• **RECORDED INFORMATION**:
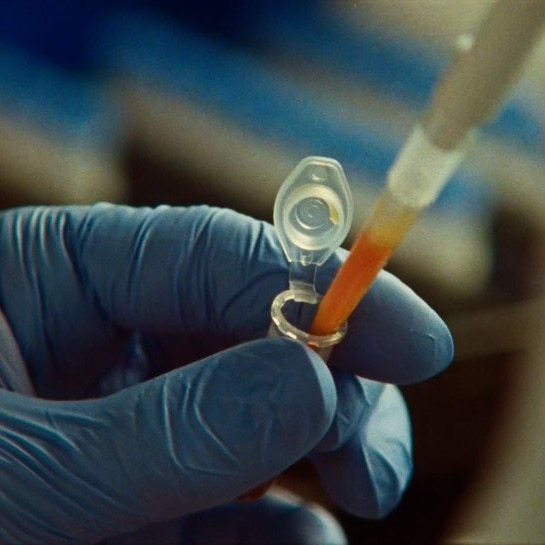 Đồ họa mô phỏng các đoạn DNA lặp trong hệ thống ART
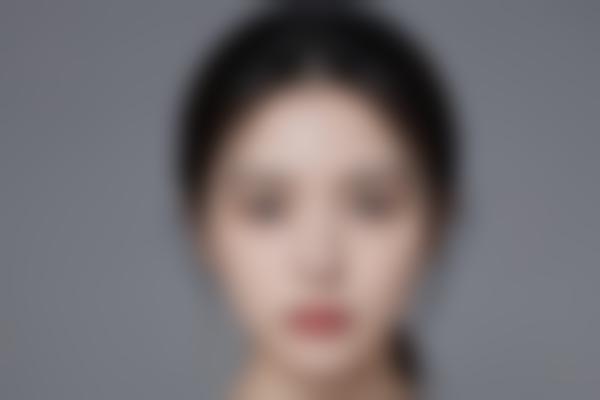 https://img.cnwenshen.com/machine/yimei/659bedd6b69654fabc0e4471905af36b242031809.jpg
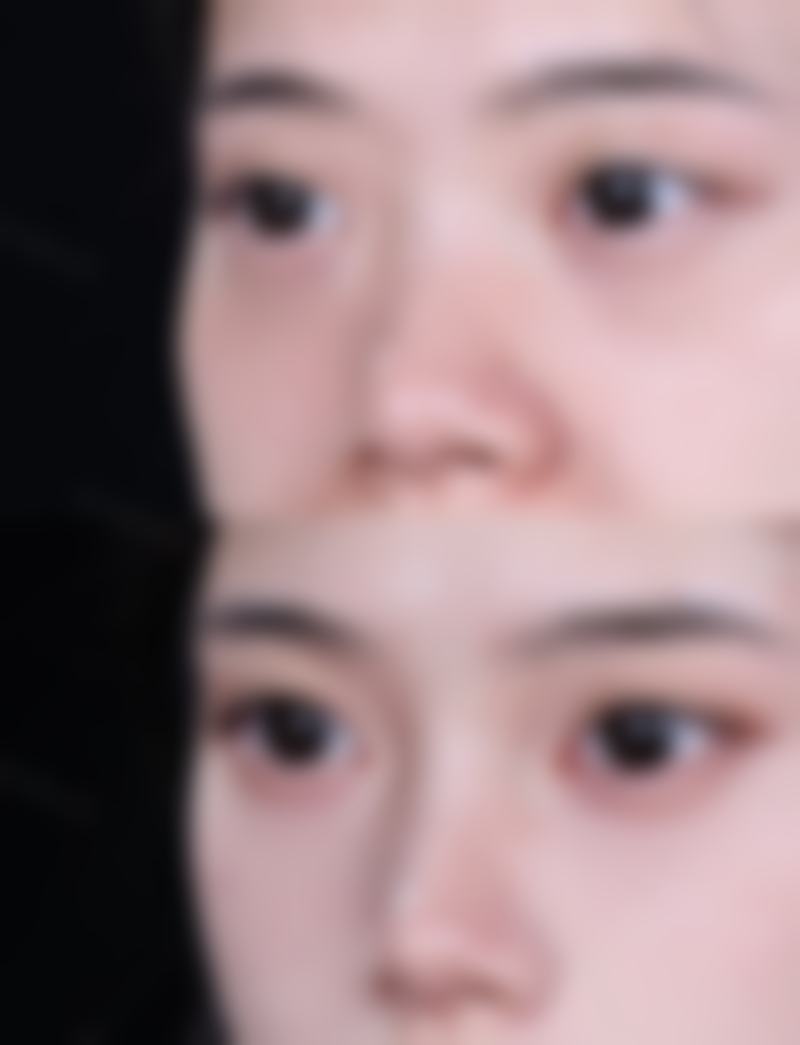 丰太阳穴有什么危险？了解这些潜在风险，掌握3大规避方法，让你安全拥有饱满太阳穴！ 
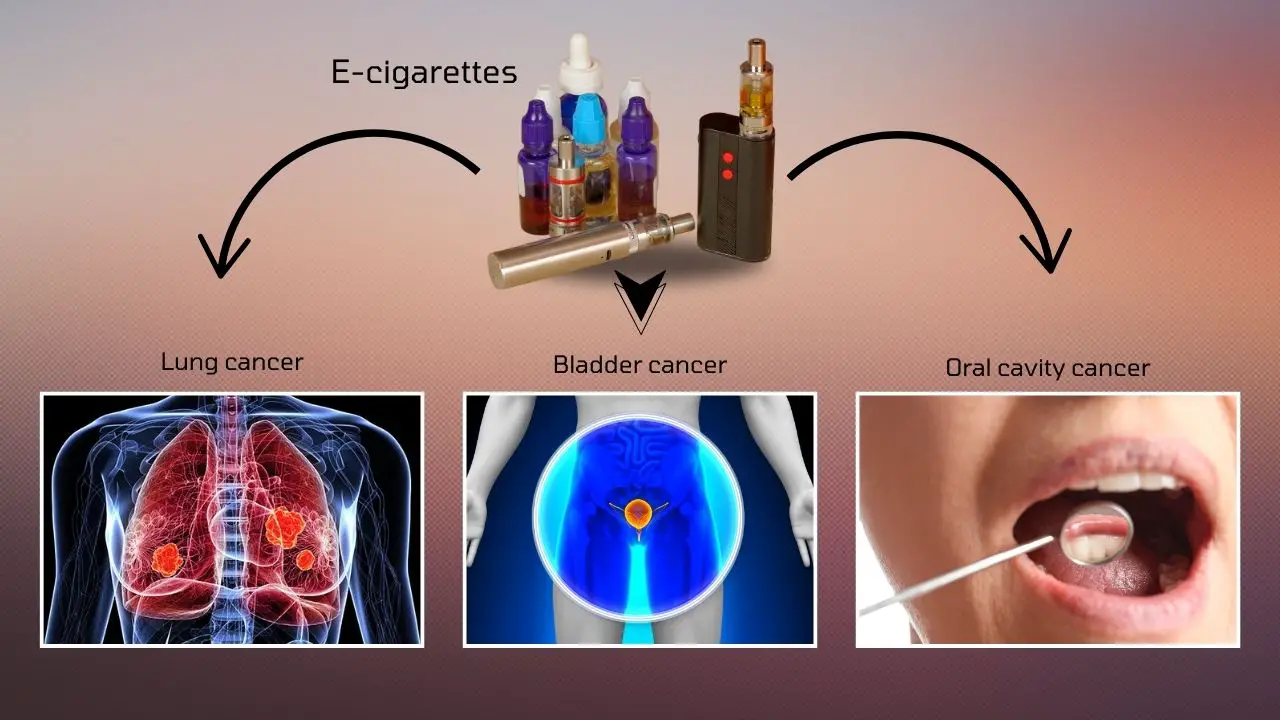 cancers associated with e-cigarettes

• **GOAL OF THE EXERCISE**: The copy should match each line above exactly and contain no images.

• **RESULT BELOW**:
 Đồ họa mô phỏng các đoạn DNA lặp trong hệ thống ART
 https://img.cnwenshen.com/machine/yimei/659bedd6b69654fabc0e4471905af36b242031809.jpg
 丰太阳穴有什么危险？了解这些潜在风险，掌握3大规避方法，让你安全拥有饱满太阳穴！ 
 cancers associated with e-cigarettes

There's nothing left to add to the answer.